無職でも月額4492ユーロ(約72万円)の手取り収入! なんと夢のような話だろう。いや、これが驚くことに現実なのだ。それも支払者は、連邦雇用庁。ベルリンに住む40代前半の男性の口座には、2005年以来毎月、失業手当として上記額が振り込まれていたのである。
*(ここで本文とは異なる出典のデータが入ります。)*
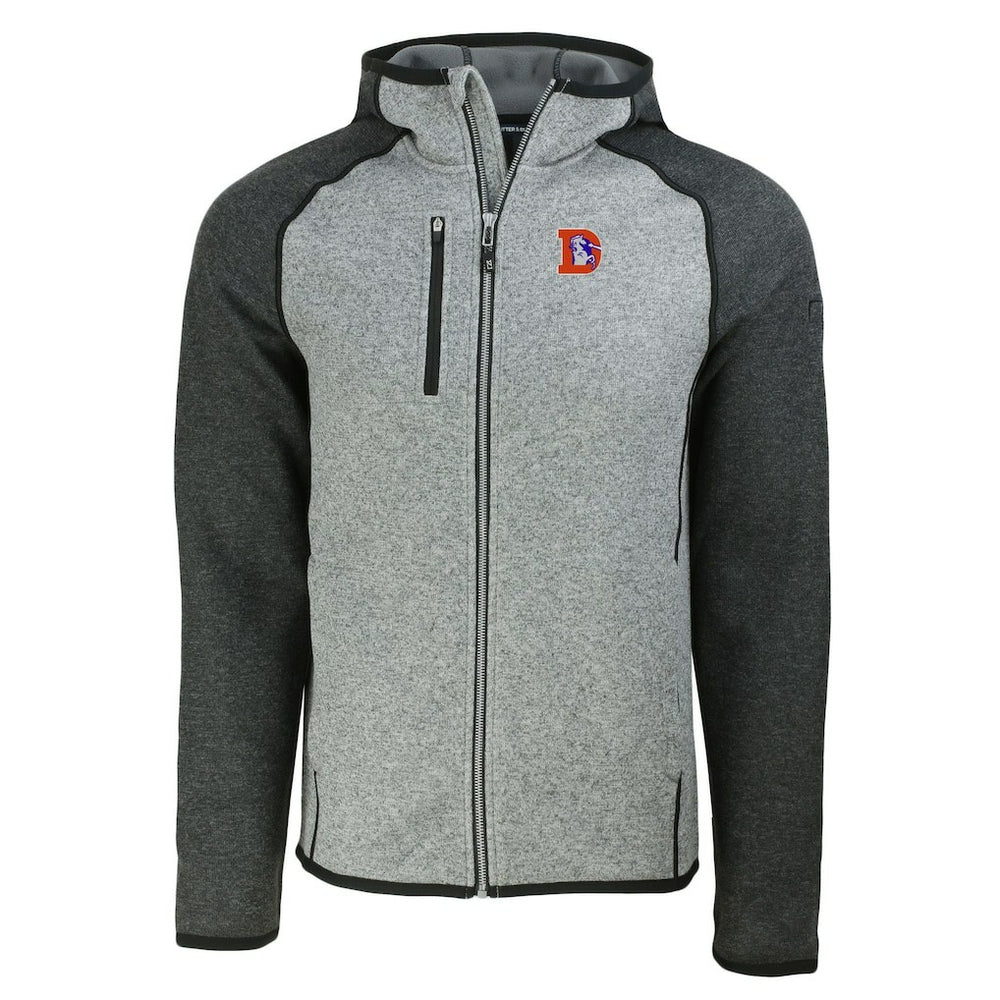 Cutter & Buck Throwback Mainsail Sweater-Knit Full-Zip Hoodie - Denver Broncos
4492ユーロの内訳はというと、家賃と光熱費が1300ユーロ、夫妻の生活費として624ユーロ、15歳未満の子ども1人あたりに208ユーロ、15歳以上の子ども1人あたりに278ユーロなど……。これがなぜ約4500ユーロもの高額になるのだろうか。実はこの男性には子どもが11人いるというのが「からくり」。15歳未満が7人、15歳以上が4人で、締めて4492ユーロになるという寸法だ。
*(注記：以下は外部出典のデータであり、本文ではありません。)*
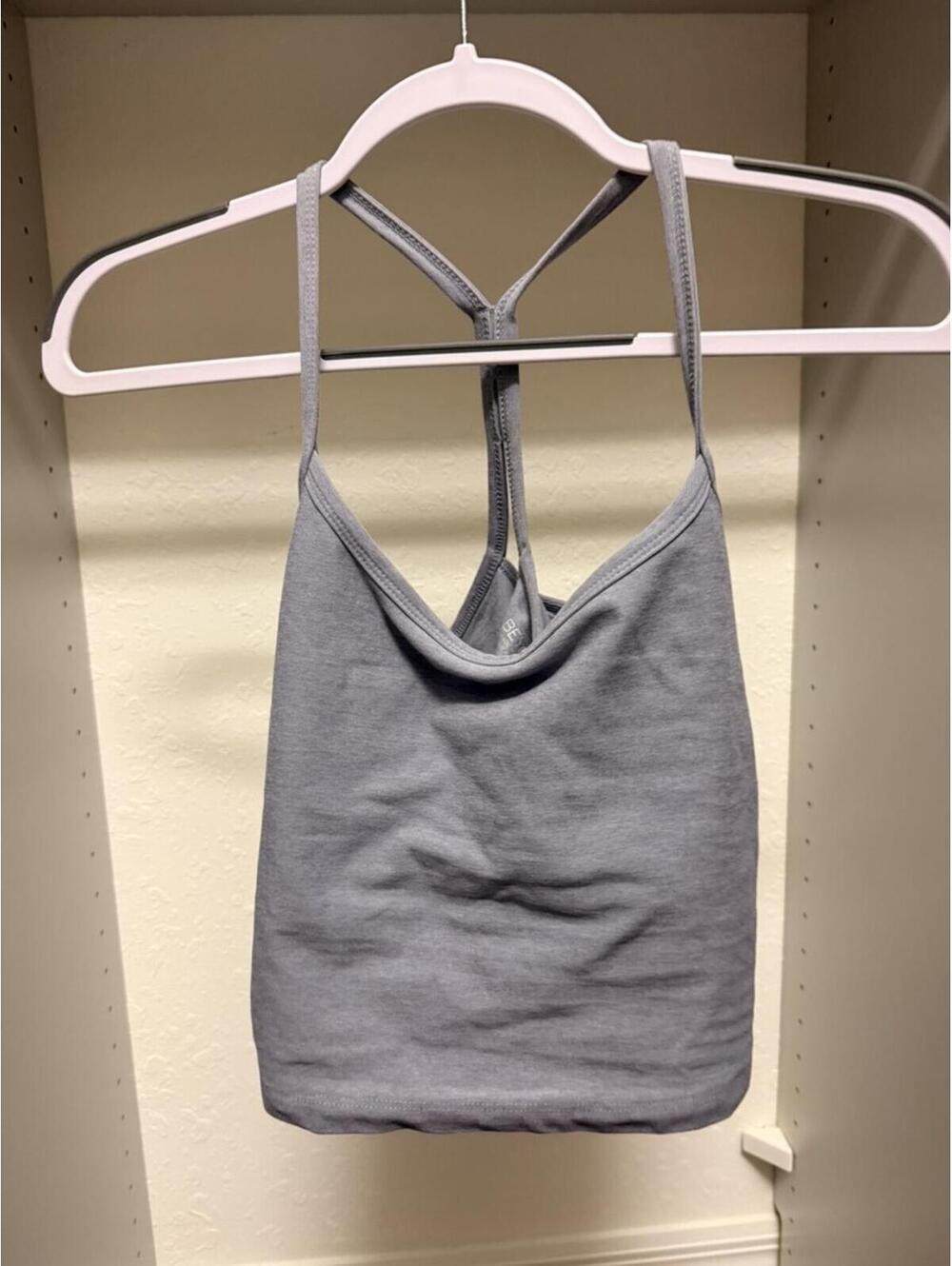 Beyond Yoga Grey Strappy Yoga Tank Sports Bra Size Large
この男性家族のほかにも、9人の子どもを持つ、とある男性の家族は月に約3846ユーロを受給、子どもが10人いる別の家族には、月額平均3533ユーロが給付されるなど、国内には子だくさんの「高額収入失業者」が大勢いるという。

ちなみに、定職に就くベルリン市民の平均月収は2549ユーロ。しかも注意していただきたいのはこの金額、手取りではなく税込みだという点だ。ドイツでは所得の実に52%が税金、社会保険料で消えてしまうから、手元に残るのはスズメの涙……。子どもがいる場合は、児童手当(最高25歳になるまで月額154ユーロ)を受けられるが、これを加味しても、なんとも報われないではないか。

雇用庁のヴァイゼ長官も、「コツコツ働くよりも、失業者でいるほうが魅力的な場合もある」と認めざるを得ない状況。さすがは福祉大国ドイツ! なんて、感心してはいられない。まじめに働いて、税金を払って、少ない手取りでやりくりしている人が、ばかを見るというのだろうか!?

とはいえ、現実はそれほど甘くはない。改善の兆しが見えつつあるとはいえ、まだまだ厳しいドイツの雇用状況。前述の9人の父親は先日、見事に再就職を果たしたとか。収入は減ることになったかもしれないが、失業中のほうがいいなんて言ってはいられないのが、ドイツの現実だ。

「Bild.de」
"Berliner hält Hartz-IV-Rekord!"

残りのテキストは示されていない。